Call it what you like, Chaffin said, it's the perfect size rose for modern condominium gardens. If you love the constant blush of pink roses in your yard, this is the rose for you, she said: " 'Real Charmer' is a workhorse. It blooms and blooms and blooms."
'Chipmunk' is more of a novelty rose. "Peanut butter-colored in the bud stage opening to grape jelly," is how Chaffin described it. Porter, however, a rosarian who has also been test growing 'Chipmunk' in his yard, thinks the color is closer to raspberry jam.
Pixie Treasures usually finds only two or three new roses worth propagating per season out of approximately 1,000 crosses. That may not seem like a successful ratio, but compared to Jackson & Perkins, Chaffin's batting average is phenomenal.
(Though she seeks input from her mother about which parent plants to cross, Chaffin--with 10 years hybridization experience--does all the nursery's actual hybridizing). Jackson and Perkins claim to grow, examine, and discard 100,000 hybrid seedlings for every one they introduce to the public.
The exciting thing about miniature roses, Chaffin said, is that you don't need a country estate to be a successful hybridizer. Pixie Treasures occupies only 1 1/3 acres, not all of which is in production.
"If you have less space, and you're it as far as manpower goes, you have to be more selective," Chaffin said. "But anyone with an average back yard can grow enough varieties to experiment with hybridizing miniatures."
Most miniature rose hybridizers in the business started as or still are back-yard operations, Porter said.
The more experience you gain, the more fun you have with hybridizing, Chaffin said.
"When I'm considering crosses, now I know not only how the potential parent plants have performed over a number of seasons, but how the grandparents performed, too. I've seen what happened when I crossed them with other plants, so I can make a better guess about the results."

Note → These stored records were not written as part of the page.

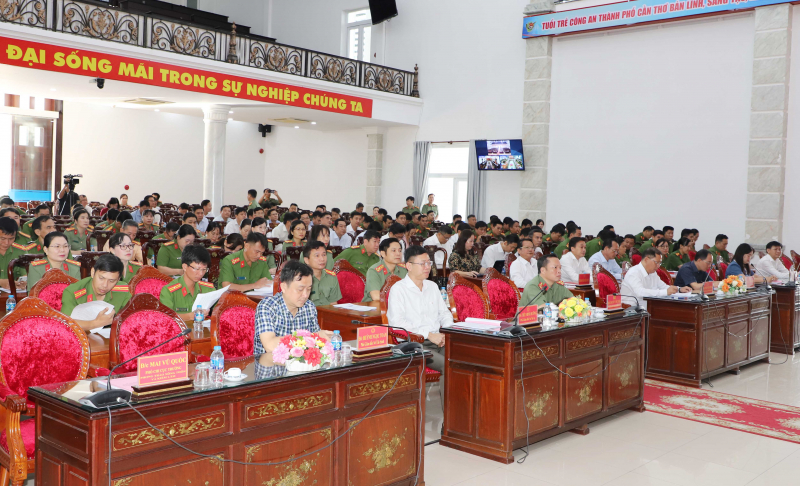 Nhiều phong trào toàn dân bảo vệ ANTQ ở Cần Thơ được Bộ Công an ghi nhận -0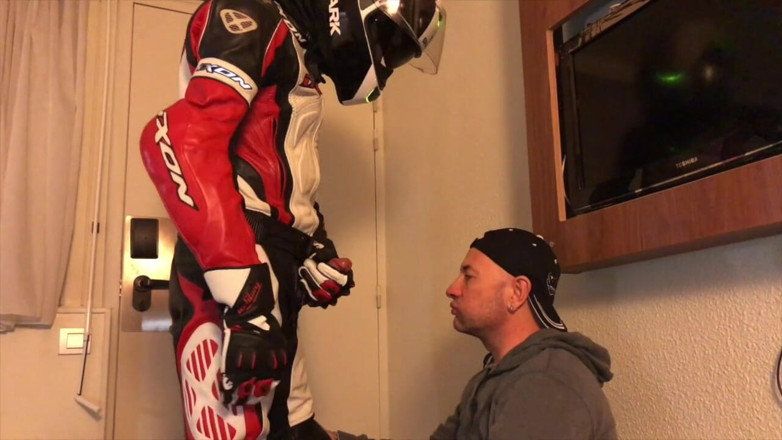 HUMLIATION AND SPANKING PORN: Humiliation at the hotel with fetish outfits biker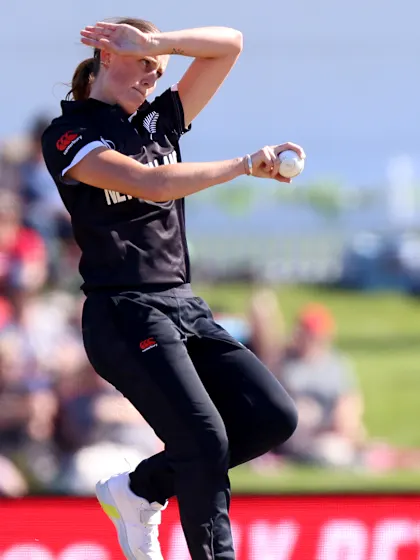 Duo return for New Zealand's tour of Sri Lanka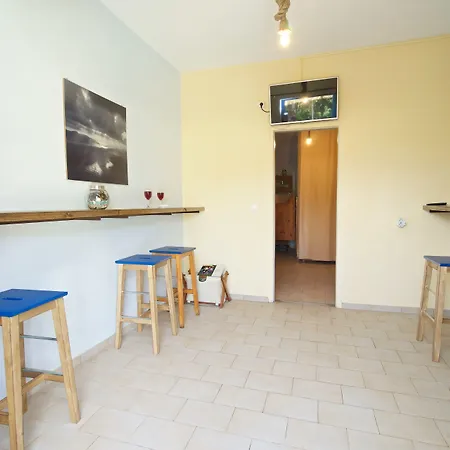 Kalypso Studios & Apartment Karavomylos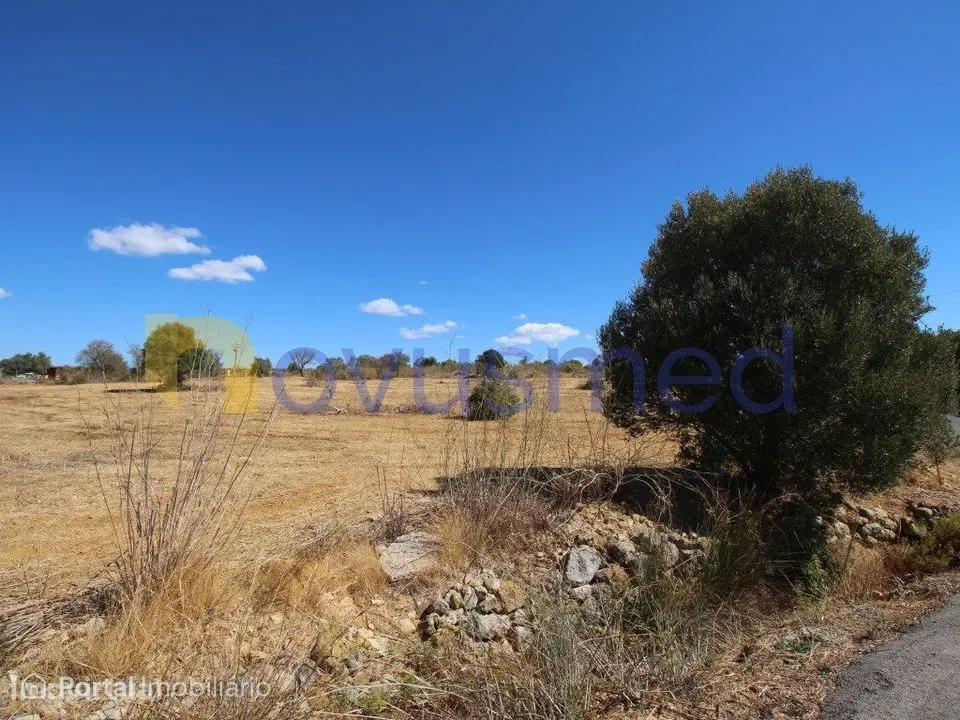 Terreno Rústico com 9.230 m² em Alpouvar, Albufeira
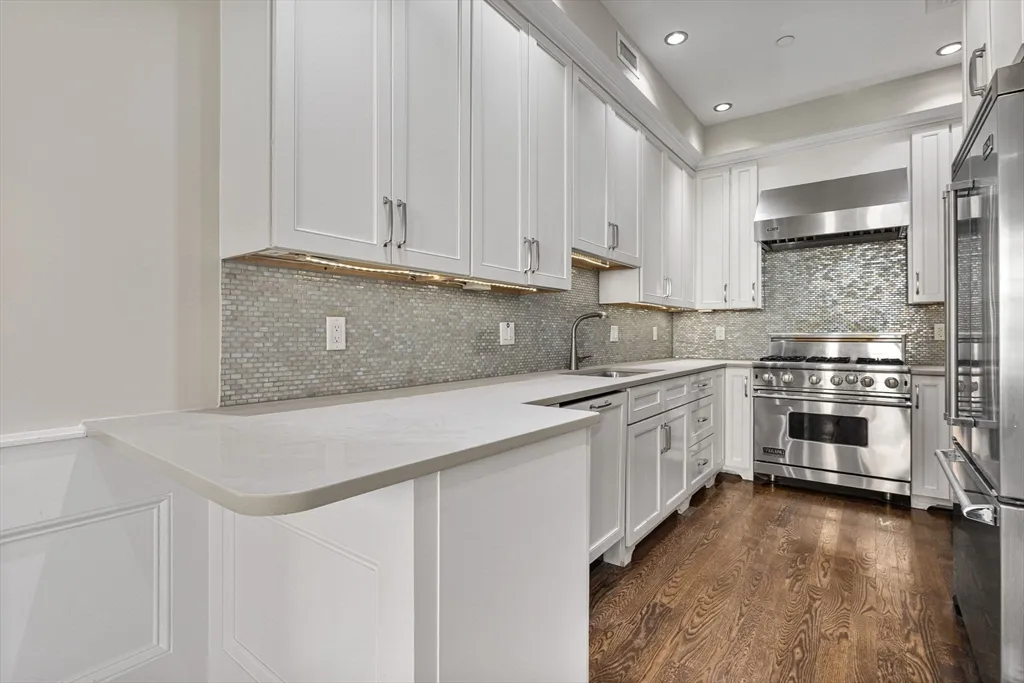 3 bed, 2.5 bath apartment for rent at 410 Boylston St Unit 03, Back Bay — photo 15 of 20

A guess it still is, though, she said.
"Rose hybridizing will always be chancier than horse breeding," Chaffin said with a grin. "There are lots of surprises."
Another nice aspect about hybridizing, she said, is that, like being a parent, you don't know what you've produced until it's aged enough to show some character.
"I knew 'Savannah Miss' (a pale apricot, classic tea rose with the bonus of fragrance) was going to be a good rose right from the start," she said, "but I didn't know how good. It just keeps getting better."
Porter feels the same about 'Starla,' a creamy white miniature that Pixie Treasures introduced several seasons ago.
"If there's a nicer white on the market, I haven't seen it," he said.
Cralle is looking forward to several more decades of seeing seedlings reach fruition. "It's a phenomenon of this business--maybe because we work in such beautiful settings--but nurserymen live long, long, long lives," she said. "I hope to, too."
Chaffin and her mother have Canadian and English stock they've imported to experiment with. "Their hybridizers are mainly concerned with creating masses of color, and, since miniatures are used more for landscaping than cut flowers, that's what we want, too," Chaffin said.
And there are David Austins to play with. "His roses almost all smell good, so maybe we can get more fragrance into miniatures that way."
Finding a cross that bears the perfect rose remains her dream. Chaffin may never reach it, but she and her mother will continue working hard trying.